Listed records:
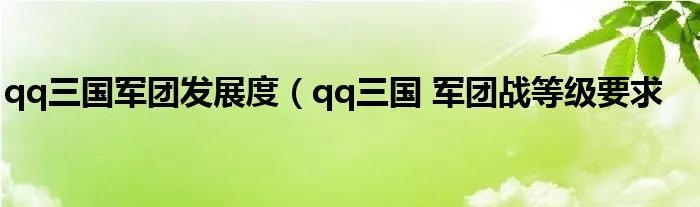 qq三国军团发展度(qq三国 军团战等级要求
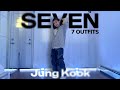 [DANCE COVER] Jungkook (정국) 'Seven (feat. LATTO)' | 7 Outfits | FUJI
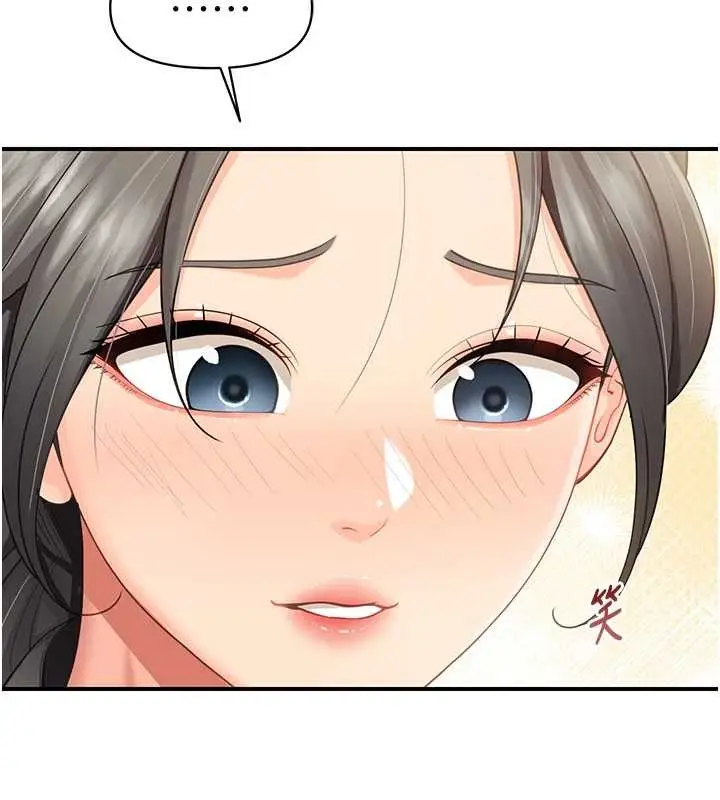 漫画《报告女班长》第43话第71张图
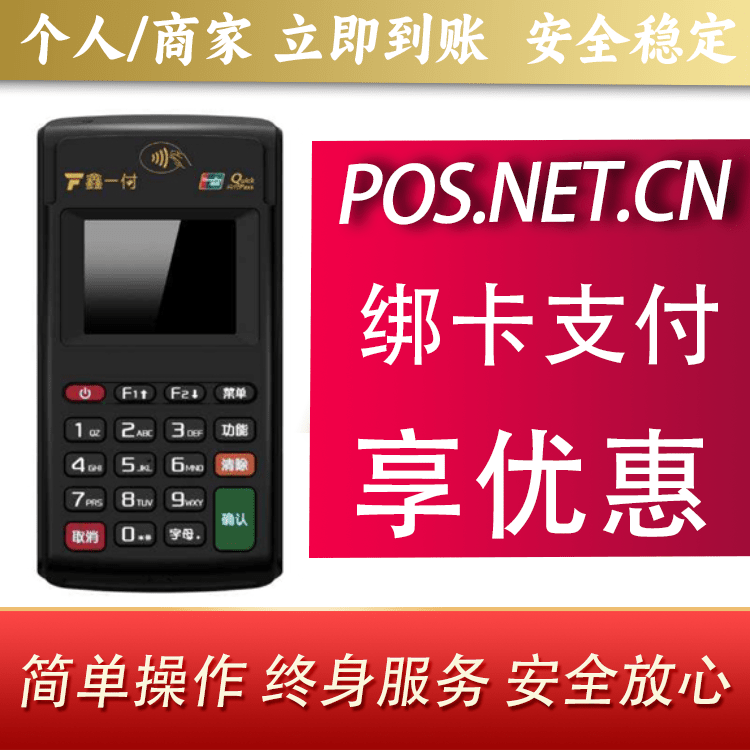 房山鑫一付电签POS机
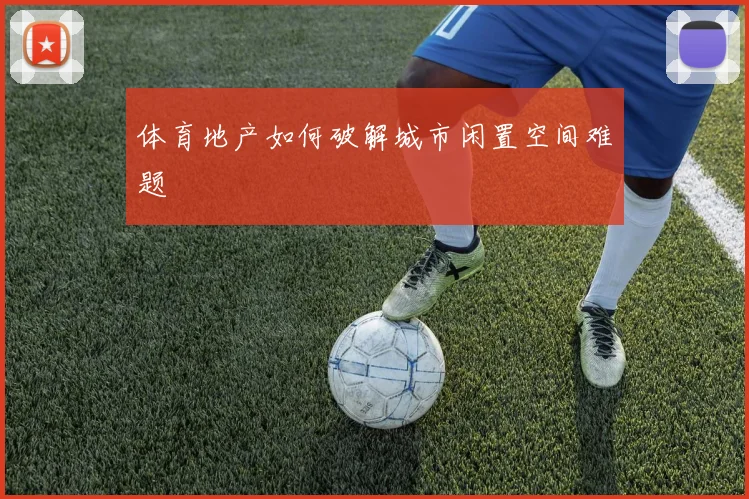 体育地产如何破解城市闲置空间难题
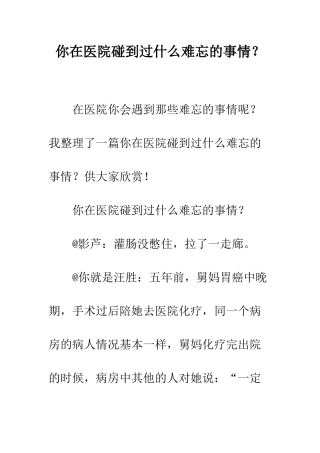 你在医院碰到过什么难忘的事情？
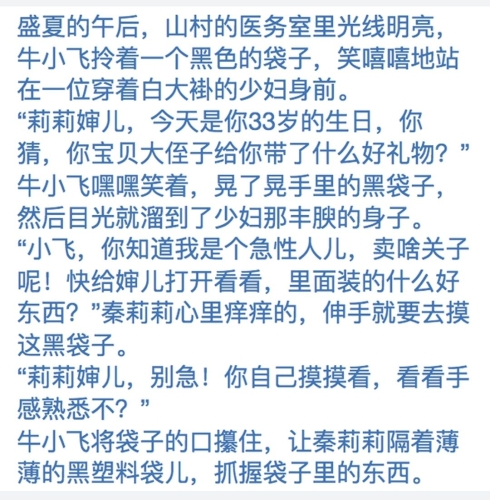 国产AV一区二区三区传媒国产AV一区二区三区传媒，行业现状、发展趋势与未来展望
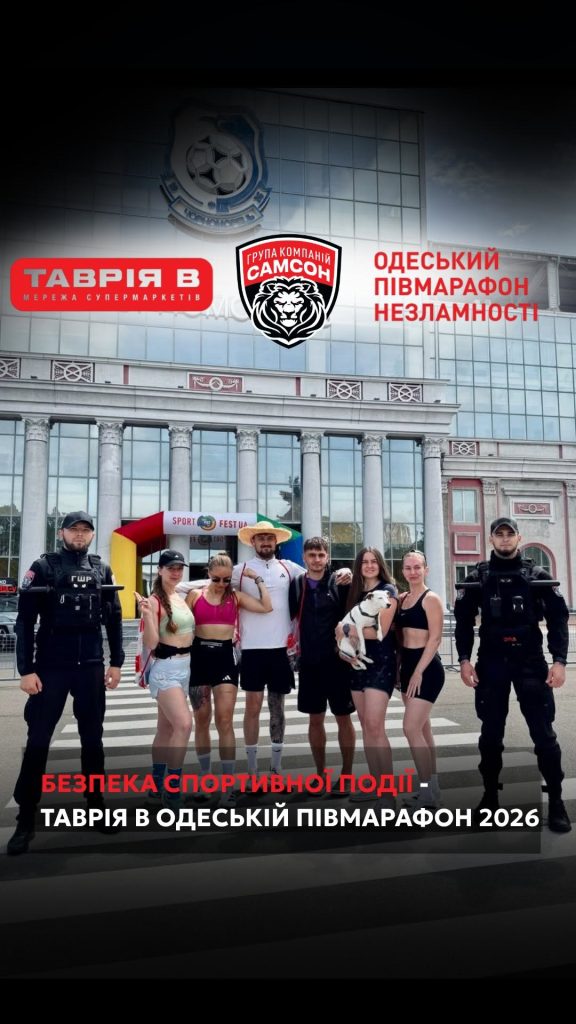 ГРУППА КОМПАНИЙ «САМСОН» НА ТАВРИИ В ОДЕССКОМ ПОЛУМАРАФОНЕ 2026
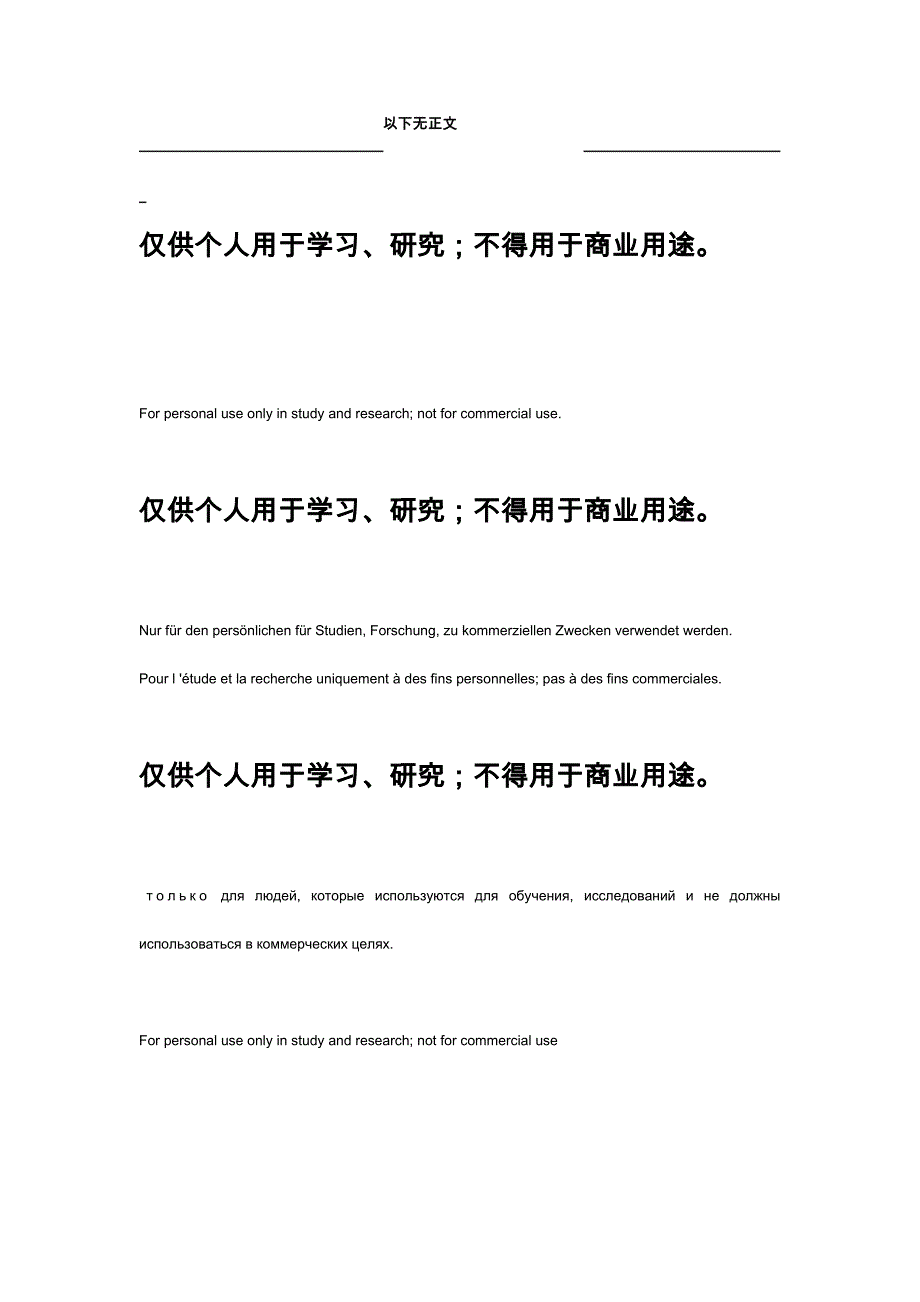 初028班满江红诵读设计2_第4页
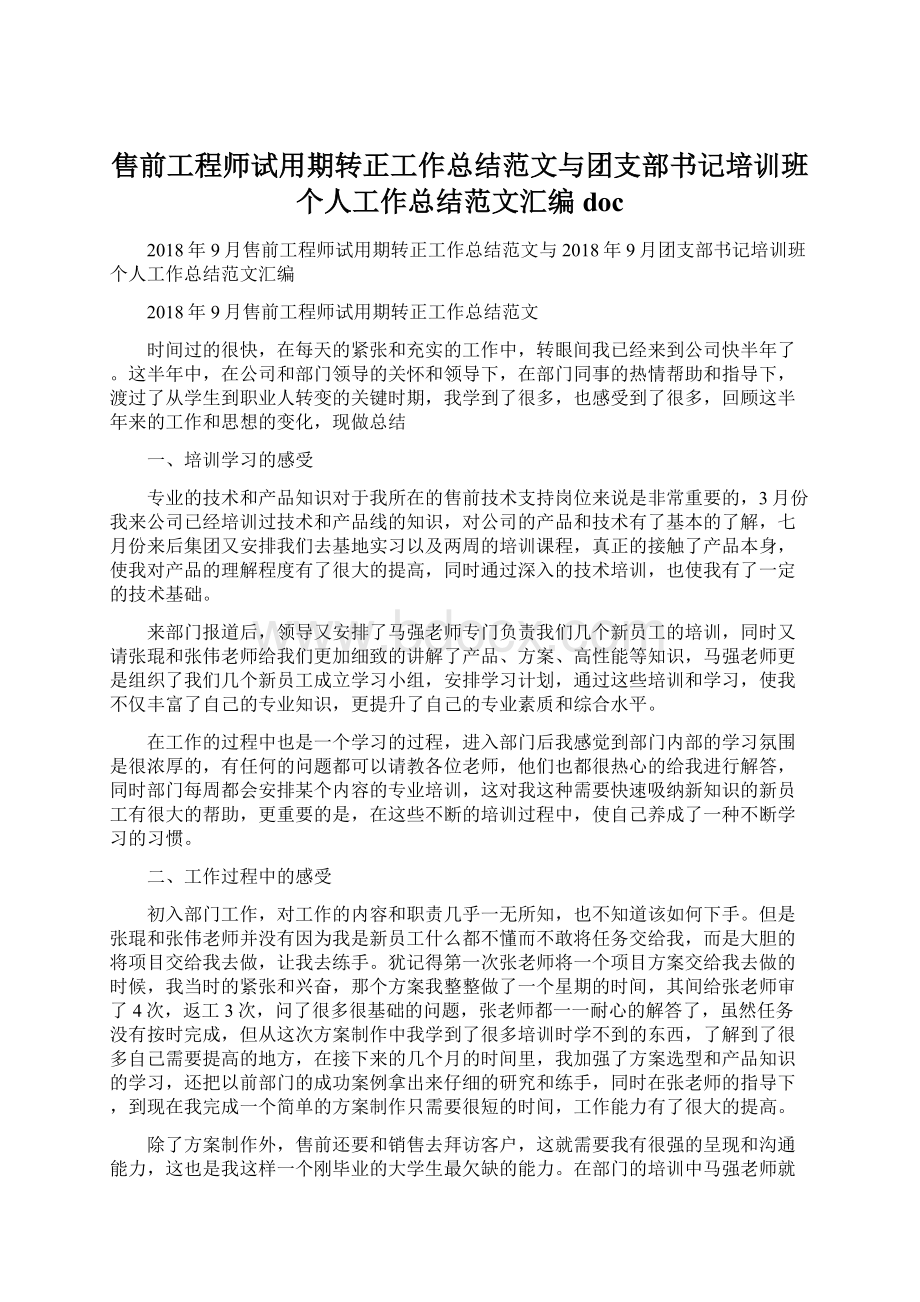 售前工程师试用期转正工作总结范文与团支部书记培训班个人工作总结范文汇编docWord文件下载.docx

What the task requires:
No pictures belong in the copy; output every record exactly.

Expected answer:
 qq三国军团发展度(qq三国 军团战等级要求
 [DANCE COVER] Jungkook (정국) 'Seven (feat. LATTO)' | 7 Outfits | FUJI
 漫画《报告女班长》第43话第71张图
 房山鑫一付电签POS机
 体育地产如何破解城市闲置空间难题
 你在医院碰到过什么难忘的事情？
 国产AV一区二区三区传媒国产AV一区二区三区传媒，行业现状、发展趋势与未来展望
 ГРУППА КОМПАНИЙ «САМСОН» НА ТАВРИИ В ОДЕССКОМ ПОЛУМАРАФОНЕ 2026
 初028班满江红诵读设计2_第4页
 售前工程师试用期转正工作总结范文与团支部书记培训班个人工作总结范文汇编docWord文件下载.docx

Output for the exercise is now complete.